Épisode 5 – Les cauchemars du voyage
À long terme, la migration peut améliorer la vie de celles et ceux qui l’entreprennent. Le voyage peut aussi être une aventure extraordinaire, une expérience riche de rencontres et de découvertes. Mais il a aussi sa face sombre, avec des difficultés, des horreurs, des drames parfois. Sur la route, les femmes sont particulièrement exposées aux violences sexuelles, au chantage, à l’exploitation en tout genre. Le dénuement, la faim, les nuits à la rue sans lit et sans abri peuvent aussi être au rendez-vous. Dans cet épisode, on entendra Fama, Khady, Rokhaya, Rama et Fatou, qui partagent avec nous quelques histoires vécues ou entendues.
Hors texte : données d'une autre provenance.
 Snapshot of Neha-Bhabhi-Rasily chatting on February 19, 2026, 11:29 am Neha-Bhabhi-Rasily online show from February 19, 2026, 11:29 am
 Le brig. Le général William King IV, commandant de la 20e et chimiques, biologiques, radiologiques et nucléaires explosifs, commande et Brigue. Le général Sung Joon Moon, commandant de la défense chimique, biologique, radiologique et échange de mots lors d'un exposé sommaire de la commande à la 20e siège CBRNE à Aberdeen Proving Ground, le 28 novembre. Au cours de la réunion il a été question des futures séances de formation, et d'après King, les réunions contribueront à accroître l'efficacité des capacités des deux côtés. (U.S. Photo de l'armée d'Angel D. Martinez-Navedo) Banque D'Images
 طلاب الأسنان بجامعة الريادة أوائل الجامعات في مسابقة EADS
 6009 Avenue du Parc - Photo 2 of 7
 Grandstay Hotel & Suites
On entendra aussi la syndicaliste Fambaye Ndoye.
Épisode 6 – Les étudiantes étrangères au Sénégal
En matière de migration, le Sénégal est un pays de départ, de transit, mais également d’accueil. Parmi les étrangers et les étrangères installés à Dakar, on retrouve plusieurs milliers d’étudiantes originaires d’autres pays africains, qui viennent suivre leur cursus au Sénégal. Une migration temporaire qui parfois s’éternise. Une expérience qui a ses richesses et ses difficultés. Dans cet épisode, on écoutera Mimi et Corine, deux étudiantes, l’une tchadienne, l’autre camerounaise, qui partagent avec nous quelques bribes de leur expérience d’émigration et des leçons qu’elles en tirent.
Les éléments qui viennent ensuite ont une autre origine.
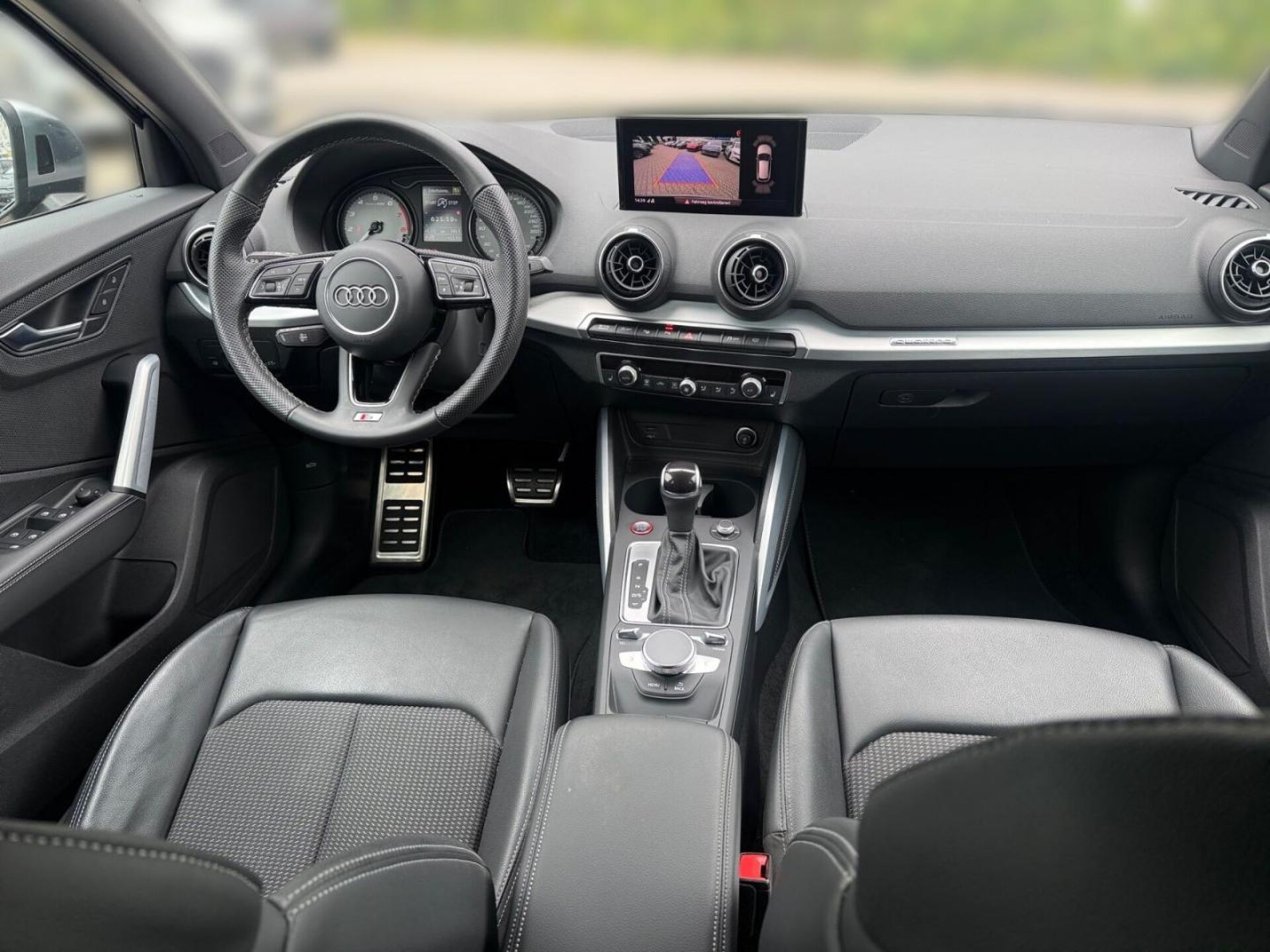 Audi SQ2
Épisode 7 – Les leçons du voyage
Un proverbe sénégalais dit : « Ku dul tukki doo xam fu dëkk neexe » (« Celui qui n’a pas voyagé ne sait pas où il fait bon vivre »). Migrer c’est aller voir soi-même, par ses propres yeux, sans attendre que les autres vous racontent. La soif de rencontre, l’espoir d’une vie meilleure alimentent le voyage, qui se transforme en leçon de vie, et parfois en discours politique. Car les leçons acquises sur la route par les migrants et les migrantes sont aussi des messages pour les gouvernants du Sud et du Nord, ceux qui, par leurs décisions, changent le parcours et la vie de millions de personnes, à Dakar comme au bout du monde. On écoute tout de suite Fama, Rokhaya, Rama et la syndicaliste Fambaye Ndoye.